Très peu de place, dans cette plaidoirie, pour les faits reprochés à NGENZI, surtout lorsque ce denier nageait dans la plus totale des incohérences. On aurait aimé avoir des explications en particulier sur l’emploi du temps de NGENZI le 13 avril, jour des massacres de l’église. NGENZI, selon ses dires, a passé plusieurs heures devant la commune, lui « le complice du FPR« , à attendre une mort qui ne viendra pas! Entouré de militaires, de gendarmes et d’Interahamwe qui le détestaient tous! Tout cela pour « sauver sa famille« ! Il est vrai qu’il valait mieux passer sous silence un tel emploi du temps. Idem pour la visite à l’évêché où NGENZI s’est rendu pour négocier personnellement la rançon de l’abbé Papias. La version donnée par l’accusé était loin de tenir la route.

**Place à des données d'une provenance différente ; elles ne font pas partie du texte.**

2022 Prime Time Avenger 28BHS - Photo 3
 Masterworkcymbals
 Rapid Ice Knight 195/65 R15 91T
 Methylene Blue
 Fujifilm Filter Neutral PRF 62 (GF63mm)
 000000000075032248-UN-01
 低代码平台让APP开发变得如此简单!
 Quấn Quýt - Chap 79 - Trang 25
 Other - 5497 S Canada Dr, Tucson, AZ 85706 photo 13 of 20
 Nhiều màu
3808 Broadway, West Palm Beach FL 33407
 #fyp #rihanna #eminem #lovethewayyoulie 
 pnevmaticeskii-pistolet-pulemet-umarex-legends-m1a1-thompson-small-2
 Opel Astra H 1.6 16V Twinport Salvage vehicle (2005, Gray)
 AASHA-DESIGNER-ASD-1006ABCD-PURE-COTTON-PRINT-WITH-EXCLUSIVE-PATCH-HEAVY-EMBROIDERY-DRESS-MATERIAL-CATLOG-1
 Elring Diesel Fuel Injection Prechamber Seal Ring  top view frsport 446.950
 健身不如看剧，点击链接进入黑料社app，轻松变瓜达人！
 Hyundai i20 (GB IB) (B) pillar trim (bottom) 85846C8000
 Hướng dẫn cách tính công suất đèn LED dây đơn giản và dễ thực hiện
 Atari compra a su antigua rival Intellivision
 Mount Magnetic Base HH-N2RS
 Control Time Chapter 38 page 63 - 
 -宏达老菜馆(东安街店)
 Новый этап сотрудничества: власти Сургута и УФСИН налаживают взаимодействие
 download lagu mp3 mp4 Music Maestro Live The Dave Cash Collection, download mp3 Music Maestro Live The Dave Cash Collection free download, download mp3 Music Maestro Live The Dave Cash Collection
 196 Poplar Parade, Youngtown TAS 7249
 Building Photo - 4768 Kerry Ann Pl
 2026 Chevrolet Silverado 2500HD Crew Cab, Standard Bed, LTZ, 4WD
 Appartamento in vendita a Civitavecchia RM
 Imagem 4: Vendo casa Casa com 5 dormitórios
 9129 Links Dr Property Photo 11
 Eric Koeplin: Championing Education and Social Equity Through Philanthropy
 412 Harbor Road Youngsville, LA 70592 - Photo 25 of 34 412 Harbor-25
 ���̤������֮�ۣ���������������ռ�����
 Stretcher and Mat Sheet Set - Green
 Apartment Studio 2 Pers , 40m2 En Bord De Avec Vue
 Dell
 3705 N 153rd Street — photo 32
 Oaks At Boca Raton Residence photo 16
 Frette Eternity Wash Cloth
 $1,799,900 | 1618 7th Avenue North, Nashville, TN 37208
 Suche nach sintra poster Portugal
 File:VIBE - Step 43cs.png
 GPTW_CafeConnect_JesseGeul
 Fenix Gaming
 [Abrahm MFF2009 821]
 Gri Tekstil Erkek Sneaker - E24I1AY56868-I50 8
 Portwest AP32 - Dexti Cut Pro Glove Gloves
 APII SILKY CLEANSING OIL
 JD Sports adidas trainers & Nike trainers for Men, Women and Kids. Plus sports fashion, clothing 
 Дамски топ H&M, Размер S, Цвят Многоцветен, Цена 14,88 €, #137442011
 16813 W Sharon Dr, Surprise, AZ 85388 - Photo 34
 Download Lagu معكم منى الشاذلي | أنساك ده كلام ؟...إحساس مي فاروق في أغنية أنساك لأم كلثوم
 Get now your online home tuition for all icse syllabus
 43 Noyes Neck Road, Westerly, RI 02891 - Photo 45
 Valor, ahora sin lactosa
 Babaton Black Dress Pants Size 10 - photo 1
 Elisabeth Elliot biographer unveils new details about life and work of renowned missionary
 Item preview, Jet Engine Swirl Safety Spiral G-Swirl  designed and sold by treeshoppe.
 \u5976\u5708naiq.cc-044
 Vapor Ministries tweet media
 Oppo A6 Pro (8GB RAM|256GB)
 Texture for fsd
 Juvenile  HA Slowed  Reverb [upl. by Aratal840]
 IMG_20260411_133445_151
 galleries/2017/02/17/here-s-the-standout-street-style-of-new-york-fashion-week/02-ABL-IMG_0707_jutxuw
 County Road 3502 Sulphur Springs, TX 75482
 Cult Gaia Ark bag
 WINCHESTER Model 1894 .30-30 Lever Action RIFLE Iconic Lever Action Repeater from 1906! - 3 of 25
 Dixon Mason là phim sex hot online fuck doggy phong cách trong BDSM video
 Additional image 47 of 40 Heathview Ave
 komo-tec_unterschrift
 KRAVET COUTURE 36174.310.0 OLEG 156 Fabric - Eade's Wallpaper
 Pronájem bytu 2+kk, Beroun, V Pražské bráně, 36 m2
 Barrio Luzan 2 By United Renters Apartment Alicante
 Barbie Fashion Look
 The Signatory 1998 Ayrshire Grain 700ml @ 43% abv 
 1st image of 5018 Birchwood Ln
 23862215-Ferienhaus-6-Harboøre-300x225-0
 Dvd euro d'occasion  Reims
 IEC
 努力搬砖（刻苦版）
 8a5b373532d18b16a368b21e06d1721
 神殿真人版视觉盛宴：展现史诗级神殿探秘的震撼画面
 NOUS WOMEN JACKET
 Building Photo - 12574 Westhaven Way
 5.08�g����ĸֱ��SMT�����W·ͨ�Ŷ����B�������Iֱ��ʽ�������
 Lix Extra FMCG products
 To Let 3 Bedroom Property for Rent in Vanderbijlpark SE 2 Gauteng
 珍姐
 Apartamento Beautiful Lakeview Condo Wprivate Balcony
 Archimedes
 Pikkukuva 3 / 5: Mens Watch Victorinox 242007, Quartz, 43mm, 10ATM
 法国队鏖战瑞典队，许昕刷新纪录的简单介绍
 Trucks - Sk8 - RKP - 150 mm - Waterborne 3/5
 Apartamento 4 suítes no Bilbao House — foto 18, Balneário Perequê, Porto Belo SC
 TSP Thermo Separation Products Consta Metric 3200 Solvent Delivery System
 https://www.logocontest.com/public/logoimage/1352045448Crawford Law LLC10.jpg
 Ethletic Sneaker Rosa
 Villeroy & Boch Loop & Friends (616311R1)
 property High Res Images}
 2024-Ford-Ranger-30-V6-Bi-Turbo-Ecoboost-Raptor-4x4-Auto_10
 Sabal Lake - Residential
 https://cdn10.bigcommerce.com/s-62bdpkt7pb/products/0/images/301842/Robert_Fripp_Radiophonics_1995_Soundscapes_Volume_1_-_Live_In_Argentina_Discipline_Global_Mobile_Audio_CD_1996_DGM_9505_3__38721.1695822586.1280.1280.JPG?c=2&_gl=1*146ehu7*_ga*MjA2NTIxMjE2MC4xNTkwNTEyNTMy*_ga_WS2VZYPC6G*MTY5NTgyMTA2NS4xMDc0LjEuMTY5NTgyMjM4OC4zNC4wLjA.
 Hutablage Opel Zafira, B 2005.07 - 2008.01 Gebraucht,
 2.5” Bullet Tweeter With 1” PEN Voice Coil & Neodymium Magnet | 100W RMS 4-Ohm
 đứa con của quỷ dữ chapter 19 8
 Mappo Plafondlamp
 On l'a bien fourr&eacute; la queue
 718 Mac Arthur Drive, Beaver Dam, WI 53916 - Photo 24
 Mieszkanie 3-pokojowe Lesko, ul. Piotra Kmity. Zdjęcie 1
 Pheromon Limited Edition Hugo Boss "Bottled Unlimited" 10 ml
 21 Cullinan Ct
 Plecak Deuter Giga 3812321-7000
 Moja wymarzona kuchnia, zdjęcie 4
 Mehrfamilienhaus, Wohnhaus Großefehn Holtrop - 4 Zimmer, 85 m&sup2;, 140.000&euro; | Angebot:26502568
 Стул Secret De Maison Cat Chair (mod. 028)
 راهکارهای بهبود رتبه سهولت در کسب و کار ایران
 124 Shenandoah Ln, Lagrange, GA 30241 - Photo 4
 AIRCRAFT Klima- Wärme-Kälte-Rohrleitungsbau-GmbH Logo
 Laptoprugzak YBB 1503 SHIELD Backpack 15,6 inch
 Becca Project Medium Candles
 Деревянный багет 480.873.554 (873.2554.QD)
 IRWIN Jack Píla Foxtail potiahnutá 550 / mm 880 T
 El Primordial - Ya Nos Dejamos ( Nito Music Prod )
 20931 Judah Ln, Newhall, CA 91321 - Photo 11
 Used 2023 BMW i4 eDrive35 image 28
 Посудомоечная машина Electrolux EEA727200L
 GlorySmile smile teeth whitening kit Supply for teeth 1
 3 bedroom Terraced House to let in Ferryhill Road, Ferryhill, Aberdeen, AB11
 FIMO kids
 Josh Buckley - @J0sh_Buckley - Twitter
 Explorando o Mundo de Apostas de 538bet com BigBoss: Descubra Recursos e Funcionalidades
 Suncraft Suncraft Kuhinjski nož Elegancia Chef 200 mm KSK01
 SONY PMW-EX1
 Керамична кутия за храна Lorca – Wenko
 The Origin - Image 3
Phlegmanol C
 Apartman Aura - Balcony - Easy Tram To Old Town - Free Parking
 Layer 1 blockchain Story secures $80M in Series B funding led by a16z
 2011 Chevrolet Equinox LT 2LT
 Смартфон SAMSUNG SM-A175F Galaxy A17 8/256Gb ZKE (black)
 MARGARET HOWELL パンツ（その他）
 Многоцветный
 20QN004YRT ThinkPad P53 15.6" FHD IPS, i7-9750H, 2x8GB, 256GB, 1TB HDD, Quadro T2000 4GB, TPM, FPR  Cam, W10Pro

Monseigneur Philippe RUKAMBA, témoin de la scène, a bien vu NGENZI en personne, portant un pistolet à la main gauche et négocier avec d’autres prêtres. Là aussi, mieux valait passer rapidement.

Et que dire enfin quand, à deux reprises, se retournant vers son client, elle va le regarder longuement dans les yeux, dans un silence pesant, jusqu’à en avoir elle-même les larmes aux yeux. Les jurés avaient-ils besoin d’être attendris. J’en ai personnellement ressenti une grande gêne. Il est vrai qu’une Cour d’assises est aussi un théâtre où il faut convaincre mais aussi émouvoir. Pas sûr qu’elle en obtienne l’effet escompté!

Le verdict est attendu dans la journée du mercredi 6 juillet!

Alain GAUTHIER, « partie civile politique ».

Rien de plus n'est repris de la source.